Petrolio? Come è possibile che da quel pestilenziale liquido maleodorante si ottenere una cosa celestiale come la vanillina? Beh, sono i miracoli della chimica, no? In caso contrario non ne sarei così affascinato, non pensate? 😀
Il fatto è che tutti i composti organici sono egualmente costituiti da atomi di Carbonio, Ossigeno Idrogeno ed in misura minore da qualcos’altro come Azoto, etc.
Il chimico industriale non fa altro che giocare con le molecole esattamente come un bambino gioca con i mattoncini delle costruzioni: partendo da una base sufficientemente complessa, o sufficientemente semplice, opera addizioni, sottrazioni e sostituzioni fino ad ottenere la molecola che gli interessa, in questo caso la vanillina.
Fortunatamente per noi, amanti della buona cucina, gli atomi di Ossigeno sono tutti uguali e così lo sono quelli di Carbonio etc.
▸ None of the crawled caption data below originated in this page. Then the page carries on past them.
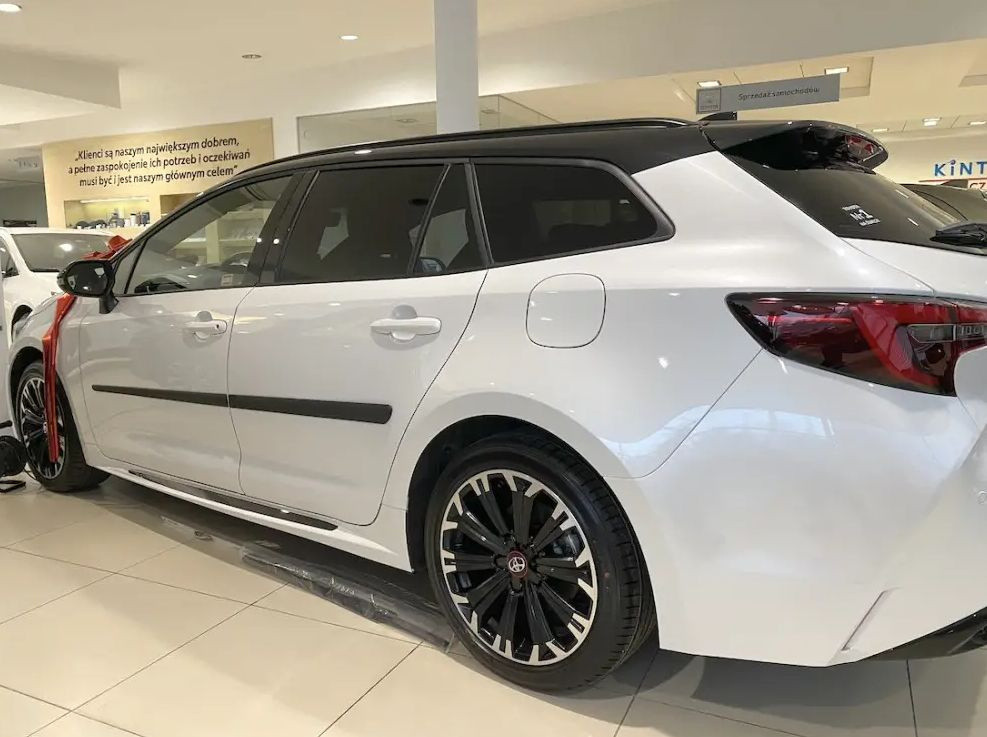 Riderauto Lišty dverí - Toyota Corolla KOMBI 2023- - Image 2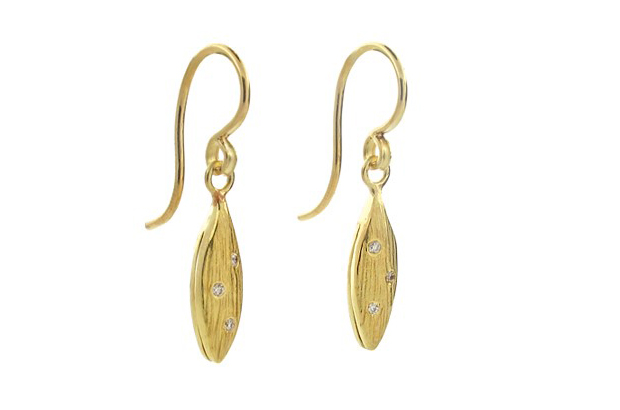 Sales of these Barbara Heinrich 18-karat yellow gold “Rice” earrings, with six diamonds, supports the efforts of the non-profit organization Widows of India, which provides for widowed Indian women who are cast out from their families ($1,365). <a href="http://www.barbaraheinrichstudio.com/barbara.html" target="_blank"><span style="color: rgb(255, 0, 0);">barbaraheinrichstudio.com</span></a> Sales of these Barbara Heinrich 18-karat yellow gold “Rice” earrings, with six diamonds, supports the efforts of the non-profit organization Widows of India, which provides for widowed Indian women who are cast out from their families ($1,365). <a href="http://www.barbaraheinrichstudio.com/barbara.html" target="_blank"><span style="color: rgb(255, 0, 0);">barbaraheinrichstudio.com</span></a>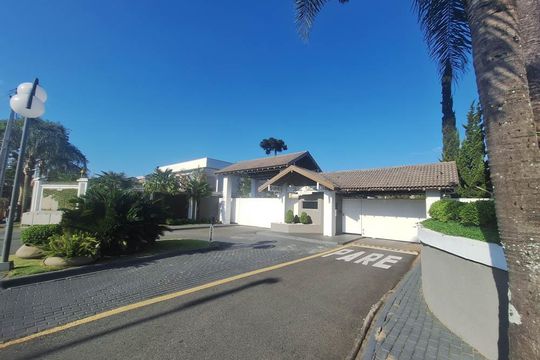 Área externa de casa de condomínio para alugar com 4 quartos, 637m² em Cascatinha, Curitiba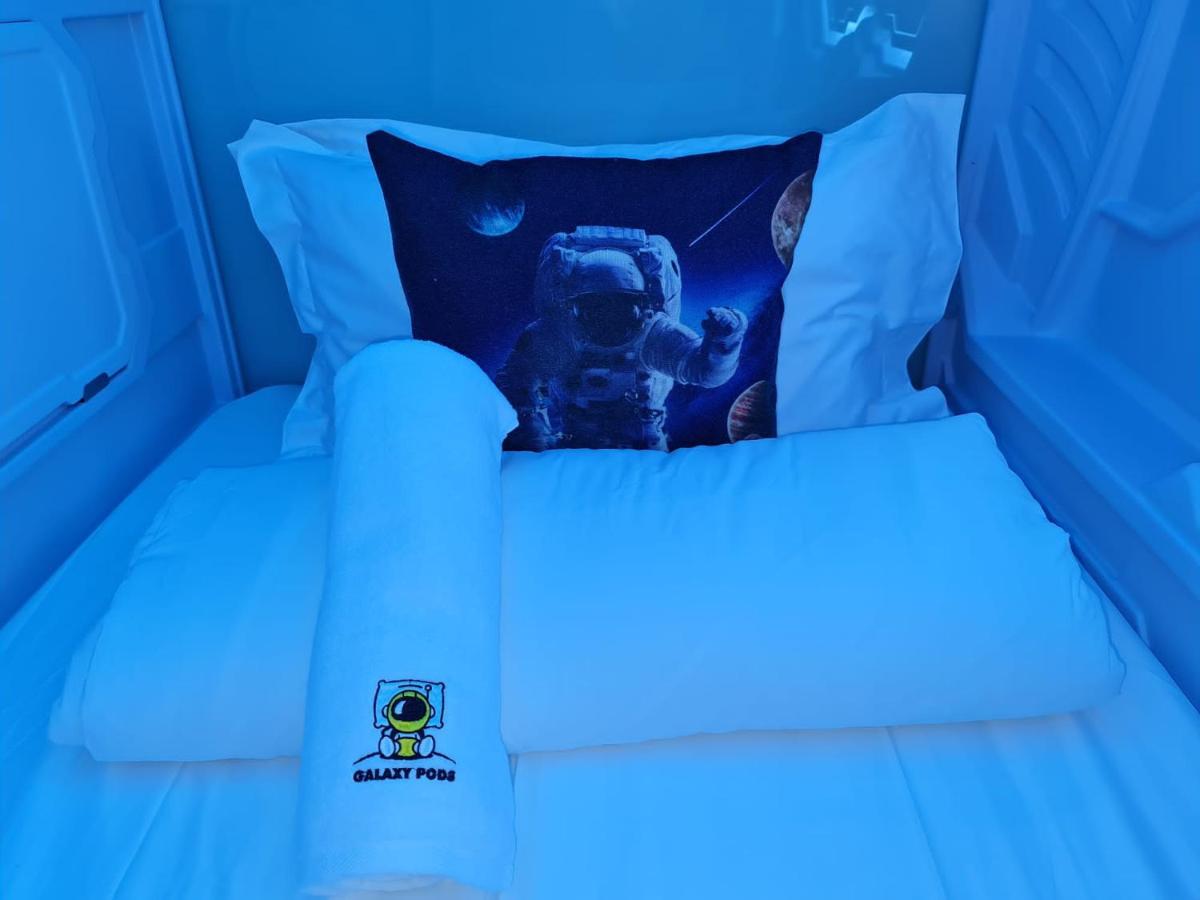 Galaxy Pods Capsule Hotel Boat Quay Singapura Luaran gambar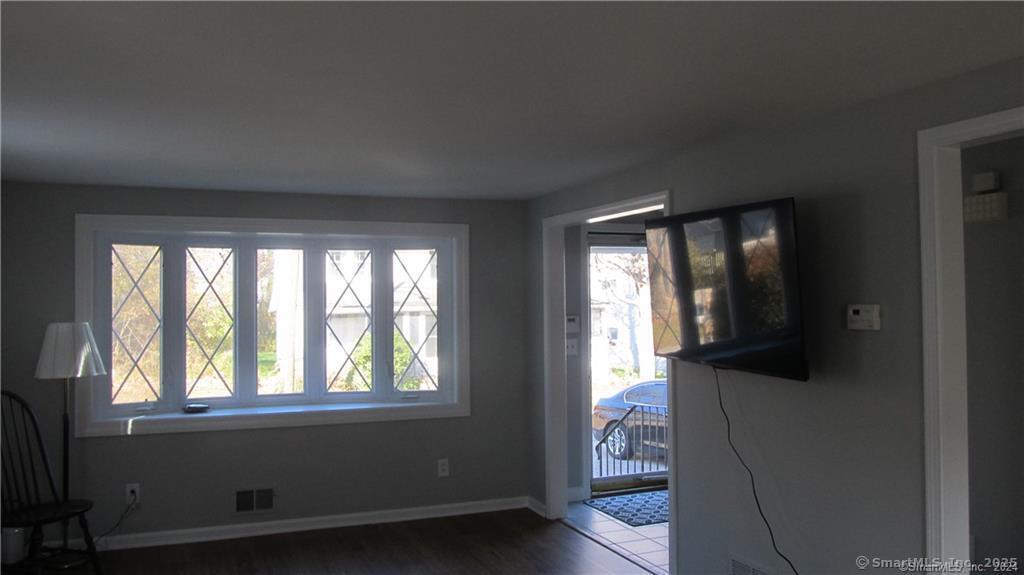 18 Brightwater Road East Lyme CT 06357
Non ha importanza la loro provenienza ma come sono assemblati e quindi la vanillina di sintesi, economica, possiede lo stesso aroma di quella estratta dai baccelli di vaniglia.
Certamente esiste una differenza tra l’aroma completo di vaniglia e la singola vanillina ma per fortuna in moltissime delle preparazioni da forno in cui si usa, la differenza rimane virtualmente indistinguibile; considerato il consumo annuale di vanillina per l’industria alimentare (stimato in 12000 tonnellate all’anno), le piante di vaniglia esistenti non basterebbero mai e sarebbe un’assurdità insostenibile dal punto di vista anche ecologico pretendere di produrla tutta a partire dalle piante.
Spero che questi articoli vi piacciano e invito tutti a proporre dei temi della Chimica in cucina che stuzzicano la vostra curiosità; ne parleremo prossimamente su queste pagine.
* la IUPAC, acronimo di International Union of Pure and Applied Chemistry (in italiano Unione Internazionale di Chimica Pura ed Applicata), è una organizzazione non governativa internazionale. Tra le varie funzioni, mantiene ed aggiorna periodicamente le regole riguardanti la nomenclatura chimica degli elementi e dei composti.